Disclaimers are important! So here’s mine. I am not an expert on Norse mythology. I am just a Heathen who moonlights as a big old nerd, and tries to read very old pieces of text until I am very mad about everything and start chugging mead in frustration. (I am inflicting this suffering on myself right now with scans of Computus Runicus.)
ALSO, because I am not an expert, with a robust scholarly background, and I am also not anywhere near old enough to have been around for when Haustlong and the chunk of the Prose Edda about it was written, this should be regarded as a curiosity. I have a post on that, too.
In the post about the Snaptun stone I took a guess that the story of Loki/Logi/Útgarða-Loki was originally a poem. Not just because the Prose Edda is Snorri transcribing linear narratives from poems, but because of the sheer amount of alliteration in the use of these names.
We don’t seem to have any traces of this poem beyond the narrative, if it exists. Snorri does not quote stanzas from wherever he is getting this story. So the claim that this is a poem is a logical–but technically unprovable–guess.
I’m going out on a limb that I desperately hope will hold my weight, is what I’m saying.
Útgarða-Loki might not be a name. In fact, I strongly suspect it’s a kenning. It even follows the standard format of genitiveY-nominativeX used in kennings (“Loki of the outer yards,” in this case) to obliquely refer to something that wouldn’t have otherwise fit the style a poet was using.
The thought occurred to me when I was skimming something for another post and noticed kennings such as “ale-Gefjon.” But Ale-Gefjon isn’t literally Gefjon doling out alcohol. It’s Groa. There is no room in this narrative for Gefjon’s actual presence, let alone her doling out ale.
Gefjon’s name is used here as a general placeholder for “woman.”
So I imagine it’s well within the realm of possibility that Loki’s name could have been used similarly. Maybe, just maybe, “Loki” in the potential kenning “Útgarða-Loki” is being used as a placeholder for a Jotunn in general, or a deceiver in general.
Like Loki, Útgarða-Loki weaponizes the neutral. (Fire, thought, age, the sea; whereas Loki weaponizes speech and–depending on source–mistletoe.) He deceives the gods who wander into his territory. His deceit unravels. And in this story, Útgarða-Loki is the driver of conflict and the mover of the narrative. Compare this to the “mover of stories” function that Yvonne S. Bonnetain ascribes to Loki–you can read a translation of the summary here.

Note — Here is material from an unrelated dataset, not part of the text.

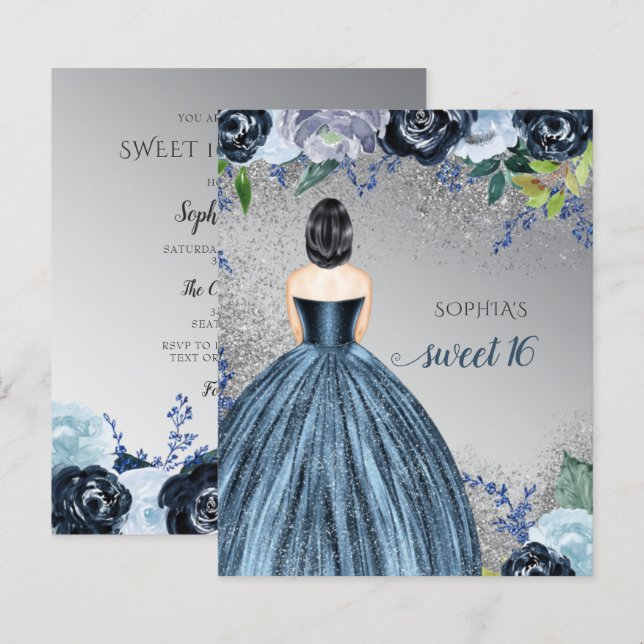 Vestido Azul Glitter Orçamento Doce 16 Convite (Frente/Verso)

He takes on the role that Loki ordinarily fulfills in his tales. But he is a total outsider from the perspective of the gods and the skalds that center their narrative. While Loki is considered somewhat of an outsider, and a transgressor, he is counted among the Aesir and is portrayed as belonging in Asgard. Útgarða-Loki is not.
And he is not Loki, himself. Just similar.
I’m not invoking the overblown and ridiculous innangard-utangard dichotomy, by the way. That concept is a wild misinterpretation of the actual concepts of whether something falls within, our outside of, a given boundary. Usually a fence. A house. A town. Útgarðr can be a little more ~woo~, but mostly just conveys an idea of something being “way over yonder.”
The actual identity of Útgarða-Loki has not been definitively solved. I am nowhere near qualified to definitively solve it–and that’s not how it works, anyway. This is just my two pieces of hacksilver.